Friday, June 24, 2011

I shall never surrender!

“We shall never surrender!” So said Winston Churchill in his famous We Will Fight on the Beaches speech. The implication is that if you don’t surrender, you have only one choice, and that is to keep on fighting. But I have a problem with that. Is surrender the only alternative to fighting? What about love? Both surrender and love stand against fighting. But when we surrender, it’s because we have no choice. Love is always a choice.

Many people will say that the key to following God's will for your life is surrendering your own will to God's. As someone who has spent most of my adult life battling with God, I can tell you that approach may work for some people, but it doesn’t cut it for me.

Surrender is the language of war. When you surrender, you resign yourself to the fact that you've been beaten, or at least you aren't going to win, so you throw in the towel. In surrender, you come to the other defeated. And it’s pretty hard not to resent someone you have surrendered yourself to. You may continue to want the same things for yourself that you always wanted, but now you're forced to deny them and the resentment grows deeper.

Doesn’t God want to be in a loving relationship with us? How can you love someone to whom you have surrendered yourself like that? When I strive to follow God's will for my life, the real point for me has become, do I love God? If I love God, then I want what God wants. It's not a matter of doing battle with God and surrendering my will to God's will. It's about making God's will my will, too.
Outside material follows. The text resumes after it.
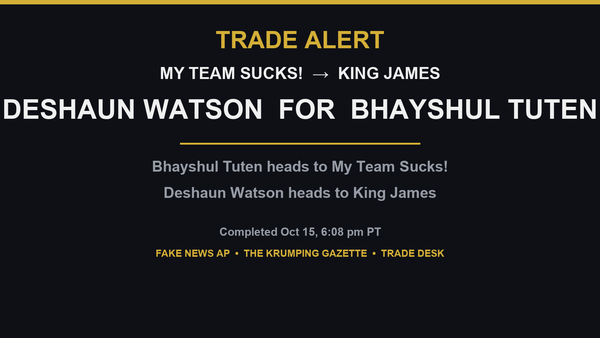 Dark trade-alert type card: Deshaun Watson for Bhayshul Tuten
Have you ever watched two people who professed to love one another for the rest of their lives grow to become adversaries? Every issue between them becomes a battle of the wills and there is an ongoing struggle to see who will ultimately win the war. But when you love someone, you want what they want, don't you? If the one you love wants to watch a football game on Sunday afternoon, you don't dig in your heels and refuse to allow it. You want them to have what they want. You want them to be happy and their happiness makes you happy, too. Your will becomes the same.

That’s how my relationship with God works as well. God isn't the enemy. God doesn't want to do battle with me. God doesn't force me into submitting to him and seeing things his way. God loves me. And God wants me to love him so much that I want what he wants for me.

There is a huge difference between surrendering myself to God and giving myself to him in love. One approach feels like a requirement and I come to resent it. But when I respond in love, I’m offering myself as an expression of thankfulness for a gift beyond compare. And there isn’t a speck of resentment in me. Only joy.

1 comment:

  1. I remember the old Baptist hymn "I Surrender All" and the line "All to Jesus I surrender, all to him I freely give." At the risk of playing 'antics with semantics,' I would suggest that this kind of surrender is pure love, whatever you call it.